For close to a decade I’ve been “banging on” about celebrants like you creating content for your couples. It’s the easiest play in my opinion. You share wisdom, expertise, heart, and opinion, and in return you get clients who aren’t shopping for price but they’re shopping for you and you alone.
But something I’ve not really communicated when I’m talking about content creation is the idea that there’s a bigger plan at play. There’s something larger at stake. I’m talking about rabbit holes.
Wikipedia explains it well:
“Down the rabbit hole” is an English-language idiom or trope which refers to getting deep into something, or ending up somewhere strange. Lewis Carroll introduced the phrase as the title for chapter one of his 1865 novel Alice’s Adventures in Wonderland, after which the term slowly entered the English vernacular. The term is usually used as a metaphor for distraction.

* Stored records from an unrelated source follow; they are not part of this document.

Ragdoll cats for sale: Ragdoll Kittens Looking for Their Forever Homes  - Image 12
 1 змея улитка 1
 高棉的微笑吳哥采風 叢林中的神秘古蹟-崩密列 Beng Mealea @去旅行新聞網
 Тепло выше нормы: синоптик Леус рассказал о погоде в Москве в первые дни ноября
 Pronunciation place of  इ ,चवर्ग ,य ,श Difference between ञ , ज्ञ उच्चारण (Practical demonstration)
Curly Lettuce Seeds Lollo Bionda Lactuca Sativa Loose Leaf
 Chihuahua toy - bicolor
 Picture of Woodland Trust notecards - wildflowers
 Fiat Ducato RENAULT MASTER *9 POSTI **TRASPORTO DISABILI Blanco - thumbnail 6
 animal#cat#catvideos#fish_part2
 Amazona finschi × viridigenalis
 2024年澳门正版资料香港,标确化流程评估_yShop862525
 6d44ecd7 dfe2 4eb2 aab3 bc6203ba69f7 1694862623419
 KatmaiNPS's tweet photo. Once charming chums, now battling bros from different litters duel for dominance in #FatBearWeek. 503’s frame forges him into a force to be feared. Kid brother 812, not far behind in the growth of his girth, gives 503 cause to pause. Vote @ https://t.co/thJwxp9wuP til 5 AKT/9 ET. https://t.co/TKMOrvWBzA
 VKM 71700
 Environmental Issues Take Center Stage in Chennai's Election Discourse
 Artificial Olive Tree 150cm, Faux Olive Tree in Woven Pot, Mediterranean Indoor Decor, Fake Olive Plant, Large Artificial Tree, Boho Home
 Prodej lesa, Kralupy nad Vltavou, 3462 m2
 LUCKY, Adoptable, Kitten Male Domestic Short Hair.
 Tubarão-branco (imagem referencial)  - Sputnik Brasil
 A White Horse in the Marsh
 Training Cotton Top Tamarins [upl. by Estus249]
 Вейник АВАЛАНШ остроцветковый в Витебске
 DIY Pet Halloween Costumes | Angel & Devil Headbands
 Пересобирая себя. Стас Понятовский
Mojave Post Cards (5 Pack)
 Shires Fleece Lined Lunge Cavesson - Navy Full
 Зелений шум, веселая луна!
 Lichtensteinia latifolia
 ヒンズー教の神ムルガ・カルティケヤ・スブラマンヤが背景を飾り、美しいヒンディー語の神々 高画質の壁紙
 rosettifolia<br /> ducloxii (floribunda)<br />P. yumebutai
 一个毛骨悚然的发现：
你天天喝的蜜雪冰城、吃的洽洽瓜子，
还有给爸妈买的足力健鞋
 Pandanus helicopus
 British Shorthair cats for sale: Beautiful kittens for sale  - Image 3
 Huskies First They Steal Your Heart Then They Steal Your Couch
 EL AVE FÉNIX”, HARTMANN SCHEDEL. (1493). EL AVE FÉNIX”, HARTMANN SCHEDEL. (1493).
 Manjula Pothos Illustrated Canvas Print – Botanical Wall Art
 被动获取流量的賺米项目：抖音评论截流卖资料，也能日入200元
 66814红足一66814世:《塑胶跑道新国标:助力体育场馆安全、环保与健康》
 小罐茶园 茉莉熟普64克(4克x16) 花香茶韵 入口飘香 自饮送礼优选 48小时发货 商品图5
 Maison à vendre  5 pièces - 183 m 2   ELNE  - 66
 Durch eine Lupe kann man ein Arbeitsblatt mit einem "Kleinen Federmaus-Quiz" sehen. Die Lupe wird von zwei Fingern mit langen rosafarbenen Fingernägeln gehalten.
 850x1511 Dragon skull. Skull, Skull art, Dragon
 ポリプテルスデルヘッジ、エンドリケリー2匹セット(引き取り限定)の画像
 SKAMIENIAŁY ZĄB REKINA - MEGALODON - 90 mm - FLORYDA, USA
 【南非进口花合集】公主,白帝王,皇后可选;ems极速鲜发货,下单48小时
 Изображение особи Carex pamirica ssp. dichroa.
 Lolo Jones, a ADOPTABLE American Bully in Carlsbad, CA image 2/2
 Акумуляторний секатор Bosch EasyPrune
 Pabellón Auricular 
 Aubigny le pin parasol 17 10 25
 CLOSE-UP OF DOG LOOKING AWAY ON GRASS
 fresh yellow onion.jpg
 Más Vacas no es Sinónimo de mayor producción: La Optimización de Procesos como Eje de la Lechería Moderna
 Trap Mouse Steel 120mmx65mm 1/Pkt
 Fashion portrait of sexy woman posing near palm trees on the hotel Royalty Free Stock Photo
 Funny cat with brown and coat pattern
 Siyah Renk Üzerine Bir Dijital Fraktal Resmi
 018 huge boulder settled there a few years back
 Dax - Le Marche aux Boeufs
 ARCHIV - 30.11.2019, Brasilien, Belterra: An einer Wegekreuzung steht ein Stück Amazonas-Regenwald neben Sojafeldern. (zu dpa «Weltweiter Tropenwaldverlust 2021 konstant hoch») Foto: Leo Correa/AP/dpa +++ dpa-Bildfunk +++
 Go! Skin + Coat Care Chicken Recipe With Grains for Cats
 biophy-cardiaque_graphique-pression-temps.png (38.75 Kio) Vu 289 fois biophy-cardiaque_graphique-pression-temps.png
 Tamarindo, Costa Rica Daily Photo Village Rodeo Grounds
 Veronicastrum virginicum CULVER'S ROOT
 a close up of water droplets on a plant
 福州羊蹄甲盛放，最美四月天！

In the 21st century, the term has come to describe a person who gets lost in research or loses track of time while using the internet.
Your job is to create a you-themed and you-smelling rabbit hole for your clients to fall down.
They’ll find you through one small piece of content, whether it’s a listing on Google, or a social media post, and then if you’ve whet their appetite well enough, they’ll come looking for more, and hopefully by the time they do that, you’ve made more.
You’ve been posting meaningful and interesting content on social for years now.
You’ve been blogging, podcasting, vlogging, streaming, whatever, consistently and qualitatively for a long time, and they get to experience all of it as they fall down your rabbit hole.
The only problem is that the easiest way to do something for a long time is to do it for a long time, and if you haven’t been, then the best time to start doing something like this for a long time, is today.